For my own sanity, I have run a test on the EURUSD currency pair using the same generation settings but 4 different scenarios. Generator ran for 12hours. I have a high end PC in trading terms and latency to the server is ~20ms.
1. Generator Only
2. Generator + Monte Carlo
3. Generator + Normalisation
4. Generator + Normalisation + Monte Carlo
I chose the top 10 strategies and ran them on 3 demo accounts from 1 broker and additional demo account from another broker, and they were run as individual EAs and as Portfolio EAs.
There were quite a few differences in order data between individual EA’s vs Portfolio EA’s and running these on different accounts. The second broker was vastly different but I did not account for the account difference in account currency or currency specifications. Nevertheless, the results are all over the place, but generally speaking, Scenario 1 was the worst, scenario 2 and 3 performed better and scenario 4 had very mixed results.
So the question is to do any form of optimisation or not?

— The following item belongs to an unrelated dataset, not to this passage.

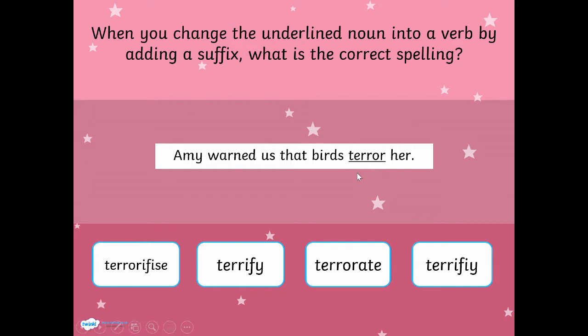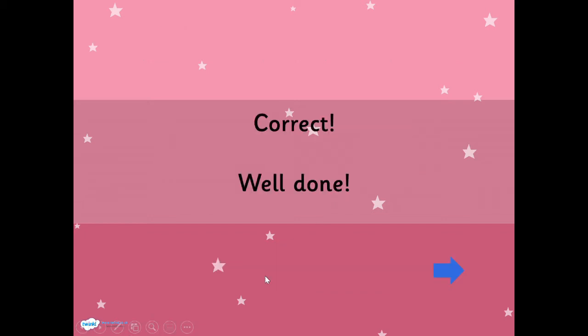It provides some multiple choice options down the bottom for what the verb could be, so all you need to do is click on the answer and it'll tell you whether you are right or not. This is a great revision tool which students can either work through independently or you can use it as part of a whole class activity.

But with the strategies being generated on premium data and not being able to generate strategies on actual broker data, the only solution is to run it through the Validator to recalculate on the broker data and of course, the result are very different. This means I would need to optimise the strategies for my broker data? But now we run the risk of curve fitting again. Therefore, I use OOS to discard “over optimised” historic data and only focus on current market performance, as we’re only really concerned about performance in current market conditions. The issue here is that there is no easy way to focus on strategy specific OOS data when running a collection through the validator, without going into each strategy to check the OSS data. Some strategies that don’t look great on the complete back test, perform quite well in the OOS but all the visible generation stats are focused on the complete back test. Could this be a product development suggestion?
Although you can set OSS acceptance criteria at the generation stage, some strategies don’t meet the OSS criteria until it has been optimised. I have run the same collection through the validator with different optimisation and robust testing methods and each produces a vastly different result. Same acceptance basic acceptance criteria, of course.
There also doesn’t seem to be any easy way to keep track of your EA’s because each time it goes through the validator or gets saved as an EA or in a Portfolio, the strategy ID and MagicNB changes, so tracking the live performance vs back test result is also a very daunting task, even with a platform like FXBlue. This also makes the change from Demo to Live very difficult because you cannot compare the two in the different environments, specifically in a Portfolio and a large numbers of individual EA’s are a nightmare to manage.
So with all of the combinations to choose from when generating strategies, the differences in execution between single EA’s & Portfolios, broker data differences, execution challenges, risk of curve fitting with different broker data and anything else mentioned above, how do you actually know if you have a good strategy or not?
As you can see, I have ran numerous tests but I seem to be going in circles trying to find a decent and efficient workflow. I must say, I have learnt a lot through Petko’s courses and the EA studio software and I open to learning more, so any comments or suggestions the these problems or my workflow will be greatly appreciated.